Meanwhile, the medical profession continued to ruminate over the potential causal link between insanity and female reproductive states. Certainly, some in the psychiatric profession pronounced the death of puerperal insanity and its related disorders with the same confidence that Hubert Bond had evinced in 1928. Dr E.W. Anderson, Assistant Medical-Officer at the Maudsley Hospital, opened his 1933 paper ‘A Study of the Sexual Life in Psychoses Associated with Childbirth’ with the declaration that: ‘It is now universally recognized that there is nothing specific in the form of psychoses associated with childbearing’.Footnote 93 However, when the opinions of the psychiatric profession were canvassed more broadly, there was less consensus on the subject.

That same year, the British Journal of Gynaecology shared the findings of Dr Arthur Leyland Robinson’s survey of the attitudes of British alienists on the effects of reproduction upon insanity.Footnote 94 As Professor of Midwifery and Gynaecology at the University of Liverpool and Honorary-Surgeon at Liverpool’s major maternity hospitals, Robinson was firmly entrenched in inter-war obstetric thinking and practice. In sympathy with many alienists, Robinson endorsed the belief that: ‘No specific kind of mental disturbance is produced by the physical and psychical changes that follow conception’.Footnote 95 However, Robinson was reluctant to deny a causal association between reproduction and insanity, noting that ‘the results of conception may have a specific effect upon the disordered mind.
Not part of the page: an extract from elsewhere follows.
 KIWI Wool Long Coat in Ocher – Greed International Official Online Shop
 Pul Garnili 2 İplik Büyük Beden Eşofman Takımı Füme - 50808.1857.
This latter view has long been the cherished belief of the obstetrician by whom mental and nervous changes of early pregnancy have been regarded as characteristic and indeed pathognomic’.Footnote 96 Curious to canvas the views of British psychiatrists, Robinson surveyed ninety-five alienists on a variety of questions, including what opinion mental specialists held as to ‘the effect of the process of reproduction upon the incidence of insanity’.Footnote 97 The results of the survey revealed that the majority of alienists did not think that ‘child-bearing is… a…specific cause of insanity, but may act as an exciting or contributory factor in the presence of hereditary predisposition and physical or mental stress’.Footnote 98 Only thirteen percent of those evaluated felt that childbirth caused insanity outright, while the same percentage of participants felt it had no influence whatsoever.Footnote 99 Given that almost seventy percent of surveyed mental specialists felt that there was some link between childbirth and insanity, Robinson’s study demonstrated that few psychiatric practitioners were as adamant as Anderson in denying a potential causal link between reproduction and mental illness. It was evident, too, that both specialties shared a belief that even if childbirth did not produce distinctive forms of maternal mental disorder, reproductive states nevertheless had an important impact upon the mental health and psyche of women.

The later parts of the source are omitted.